An attendee at our recent Lenaia celebration had an interesting question for me, “If we are calling Dionysos up from the underworld then how has he been able to interact with us these last couple months?”
According to the Bakcheion calendar Dionysos spends the Black Season, roughly from October to December, under the Earth resting in the lap of the Chthonic Queen. During this period he feasts with his deceased initiates, wearing the mask of the Fool. Much of this time is also spent in slumber, recovering from Oschophoria – the autumn harvest-fest where our Bull God is chased down and dismembered by his adversary, the Wolf Apollo. While he sleeps he dreams of his raucous and absurd adventures among the Harlequinade.
This is the hieros logos (sacred account) and nomos (custom; law) of our temple; there are folks within our own Starry Bull tradition (let alone the wider Dionysian and Hellenic polytheist communities) who believe and worship very differently. And as long as it fosters authentic connection with him there’s nothing wrong with that.
As a God Dionysos may also choose to interact with individuals and groups however he pleases*; furthermore, because of his particular form of madness Dionysos experiences time, space and reality very differently than we (and even many of his fellow Gods) do. All of the myths, legends and historical events in which he has taken part (and their various permutations) are occurring for him simultaneously.
Our calendar is an attempt to take that infinite flux and express it in an orderly and linear manner, albeit one with cyclical recurrences. Each of our festivals flow into each other, forming an overarching narrative which is further reflected in our system of seasonal associations. It is elegant and effective and even more importantly was born out of our experiences with him.

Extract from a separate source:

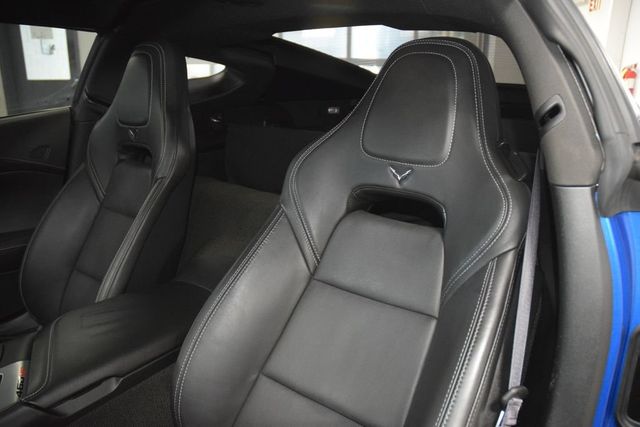 2015 Chevrolet Corvette 2dr Stingray Coupe w/2LT - 23067710 - 41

While Dionysos possesses complete autonomy and agency nevertheless certain patterns can be observed in his behavior. For some reason Dionysos tends to feel distant and diffuse after fall and into early winter; some describe him as cold, aloof, regal, chthonic, and even distracted or altogether absent at this time. Others get a weird, wild, playful, somewhat sinister Dionysos come through in ritual, dreams, visions and personal encounters with him. Over the years I’ve had both, sometimes even merging together into a complex if contradictory figure. And so we represent this with the Black Season of our year, and the festivals that fall during it.

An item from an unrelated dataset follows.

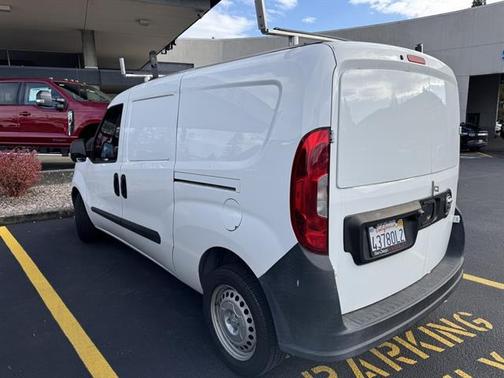 2018 RAM ProMaster City Tradesman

Ever since the first of January we have been in the White Season, where Dionysos acts out the role of the Magician come from a strange and distant land, bringing wonders and radical transformation in his wake. He knows the songs and ceremonies to awaken and release, and he is followed by a triumphant procession of Nymphs and Satyrs whose ecstatic revelry chases off barrenness, stagnation and malignant or at least mischievous Spirits from the land and his people.
And we greet him in this form for the first time at Lenaia.
* It is also possible that during the Black Season we are only encountering the dream-form or eidolon of Dionysos, projected out into the world above while he remains comatose below.